The Request object is passed to every middleware and route handler, exposing headers, body, URL, and route parameters.
app.get("greet/{name}") { request in
let name = request.route?[parameter: "name"] as? String ?? "stranger"
return "Hello, \(name)!"
}Typed parameter extraction is done via request.route?[parameter:], which returns String?, Int?, UUID?, or Date? depending on the captured value:
app.get("users/{id<\\d+>}") { request in
let id = request.route?[parameter: "id"] as? Int
return "User \(id ?? 0)"
}Matched route: Once routing resolves, the matched Route is available via request.route. This property is nil in app-level middleware, since routing has not yet run at that point.
struct LoggingMiddleware: Middleware {
func handle(request: Request, responder: @escaping Responder) async throws -> Encodable {
// request.route is nil here — routing resolves after app-level middleware
let response = try await responder(request)
return response
}
}
app.get("hello") { request in
// request.route is set here
print(request.route?.path ?? "unknown")
return "Hello!"
}Return any Encodable value from a route handler and the framework serialises it and wraps it in a 200 OK response:
app.get { _ in "Hello" } // 200 OK, body: "Hello"
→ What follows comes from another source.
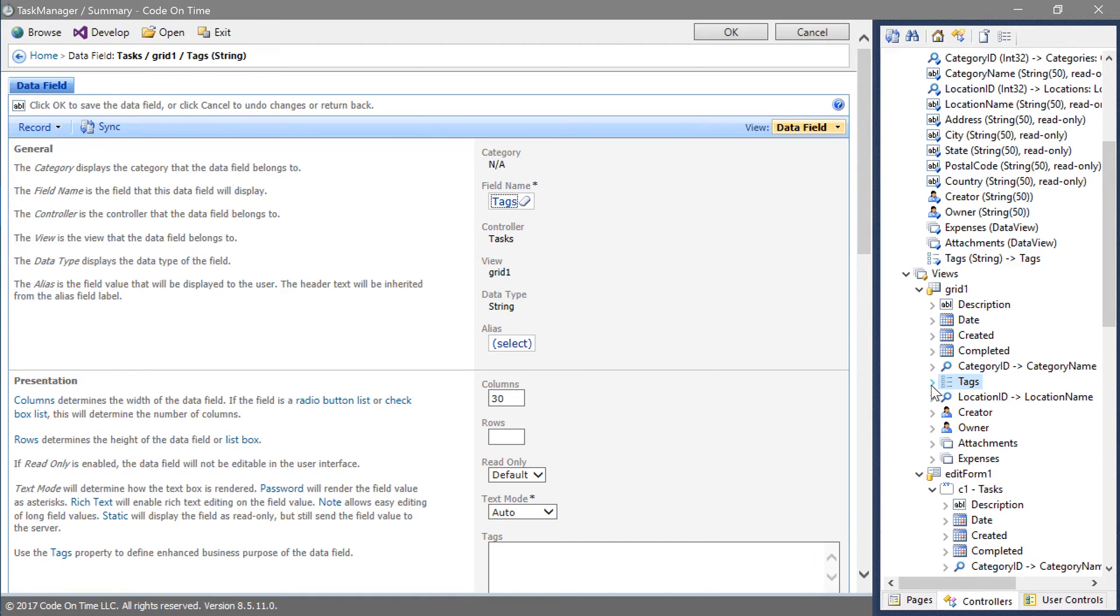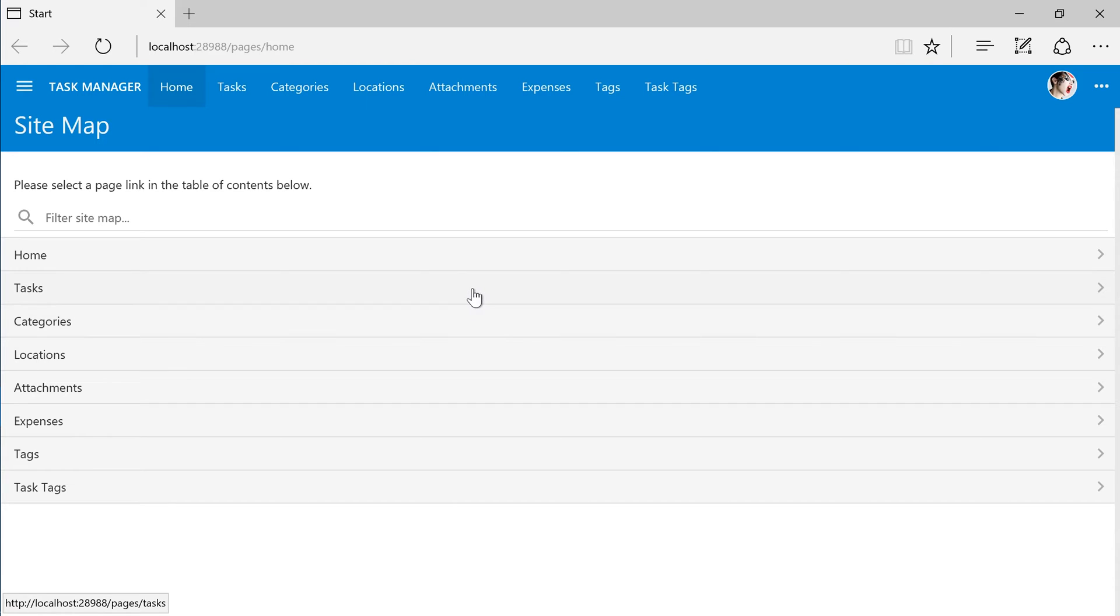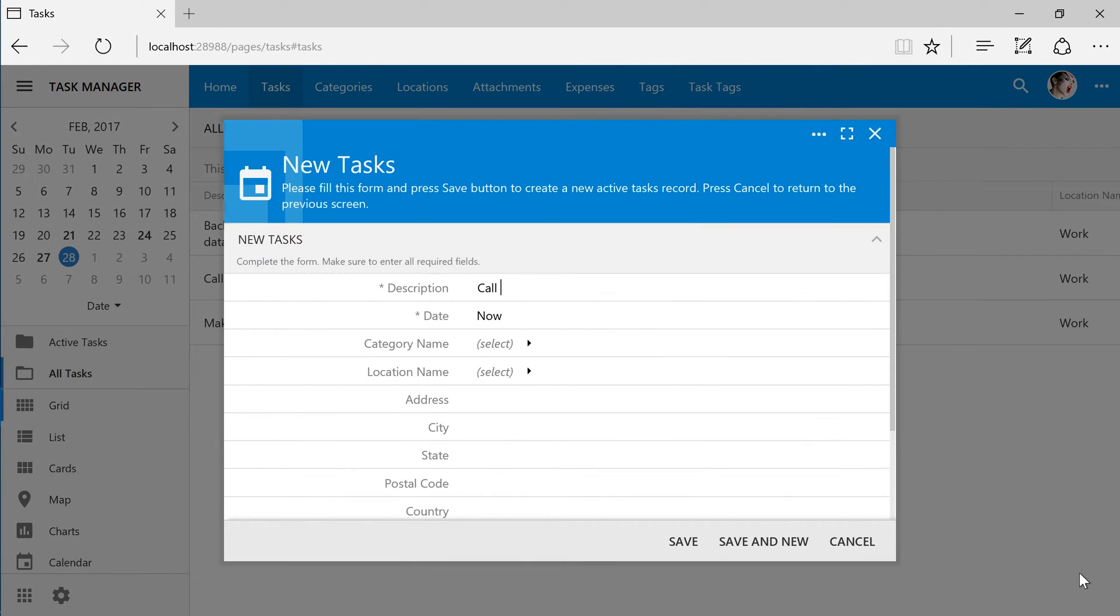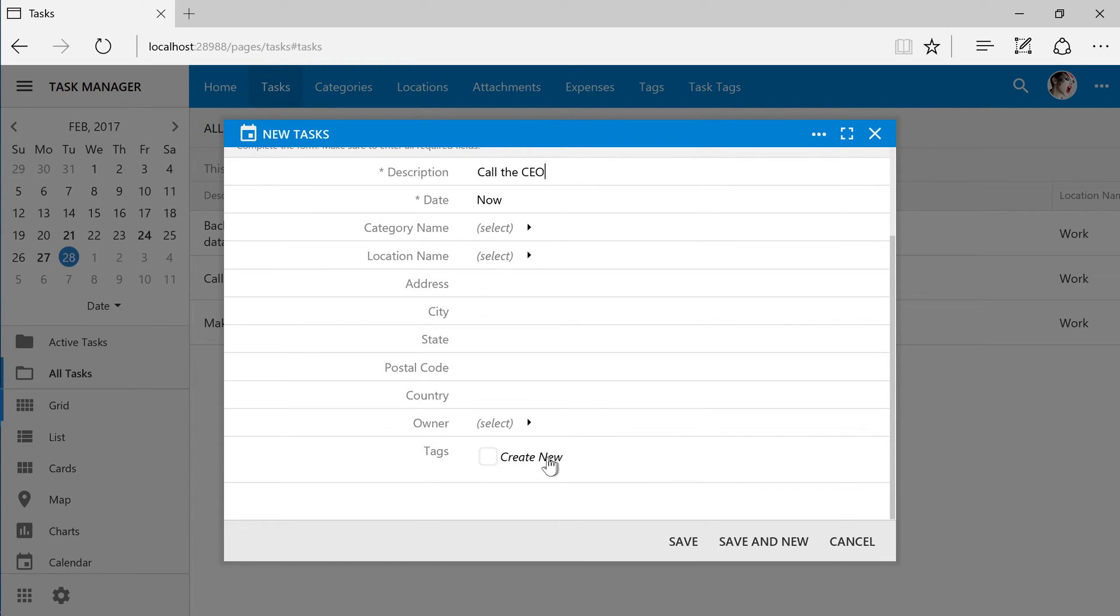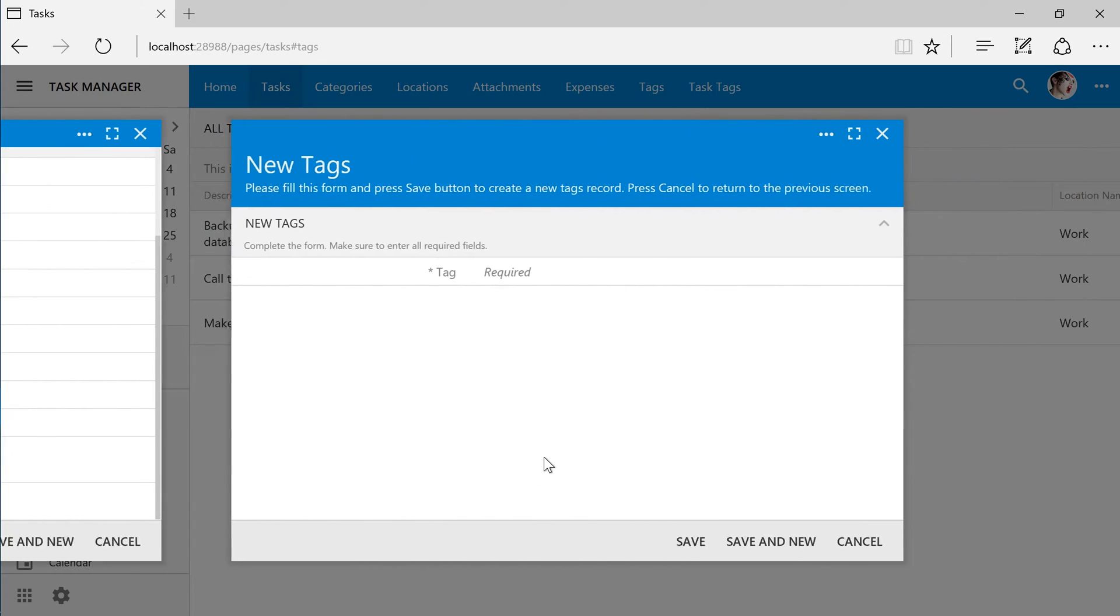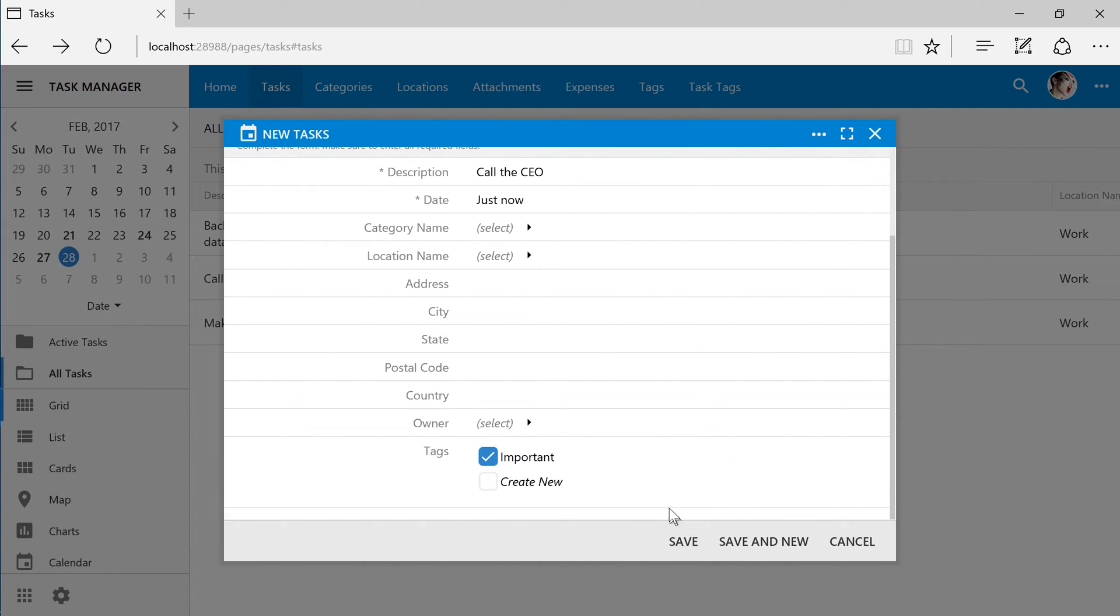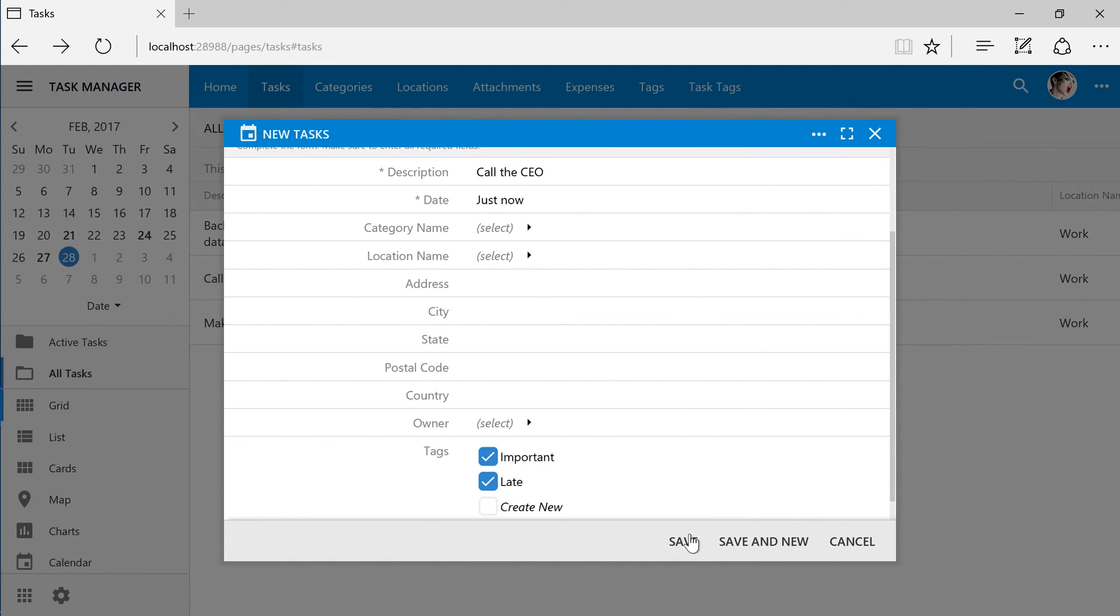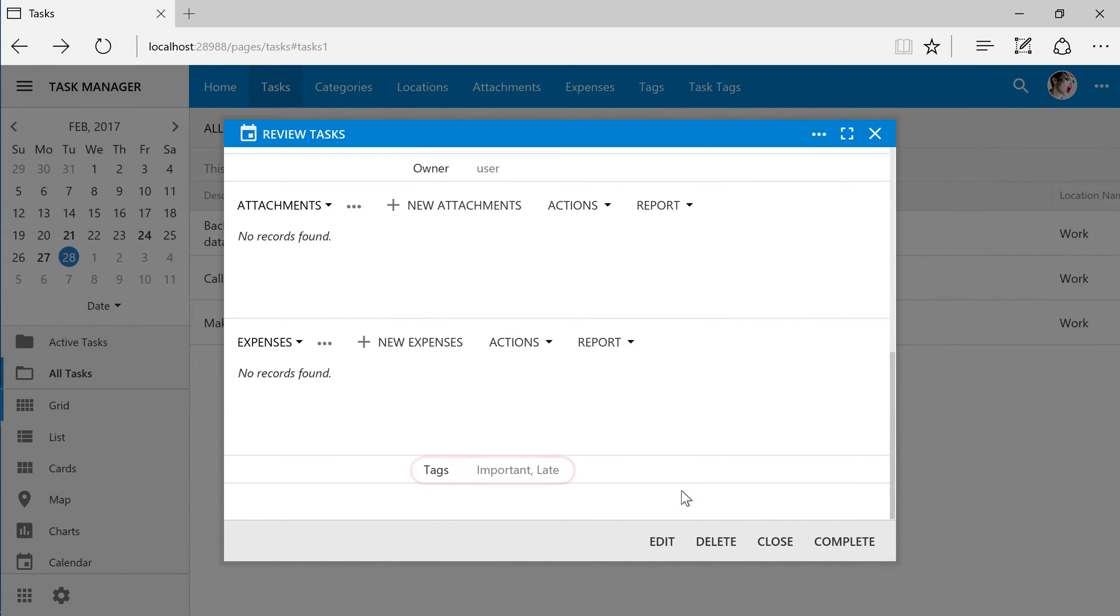Let's take a look at the new field that we added. Let's create a new task. Notice that the tags field is now visible at the bottom of the form. The table does not contain any records yet. We can use the create new checkbox to create a new tag. When the field is rendered in read-only mode, the values will be displayed as a comma-separated list.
app.get("count") { _ in 1 } // 200 OK, body: 1
app.get("user") { _ in // 200 OK, body: JSON-encoded User
User(id: 1, name: "Alice")
}Return an explicit Response when you need control over the status code or headers:
app.post("users") { request in
return Response(status: .created)
}
app.delete("users/{id}") { request in
return Response(status: .noContent)
}run() starts the server and blocks the calling thread. It throws if the server fails to start:
try app.run()shutdown() stops the server and releases its resources. Because run() blocks, shutdown() must be called from a different thread — for example, from a signal handler:
let source = DispatchSource.makeSignalSource(signal: SIGTERM, queue: .global())
source.setEventHandler { try? app.shutdown() }
source.resume()
try app.run()A DispatchSemaphore can guarantee that shutdown() is called only after the server is fully started:
let semaphore = DispatchSemaphore(value: 0)
app.server.onStart = { _ in semaphore.signal() }
DispatchQueue.global().async {
semaphore.wait()
try? app.shutdown()
}
try app.run()Run the full test suite with:
swift testWhen writing tests for your own routes, use Environment.testing and EmbeddedEventLoop from SwiftNIO for a lightweight, synchronous event loop:
import XCTest
@testable import Chaqmoq
final class MyRouteTests: XCTestCase {
func testGreetRoute() async throws {
// Arrange
let app = Chaqmoq(environment: .testing)
let middleware = RoutingMiddleware(router: app)
let request = Request(eventLoop: EmbeddedEventLoop())
app.get { _ in "Hello, World!" }
// Act
let result = try await middleware.handle(request: request) { _ in fatalError() }
let response = try XCTUnwrap(result as? Response)
// Assert
XCTAssertEqual(response.status, .ok)
}
}Contributions are welcome. Please read the Contributing Guide before opening a pull request:
- Fork the repository and create a branch from
master - Add tests for any new behaviour
- Update documentation for any API changes
- Ensure
swift testpasses and the code lints cleanly - Open a pull request
Bug reports and feature requests go through GitHub Issues. The project follows Swift's API Design Guidelines and enforces style via SwiftLint (4-space indentation, 120-character line limit).
Chaqmoq is released under the MIT License.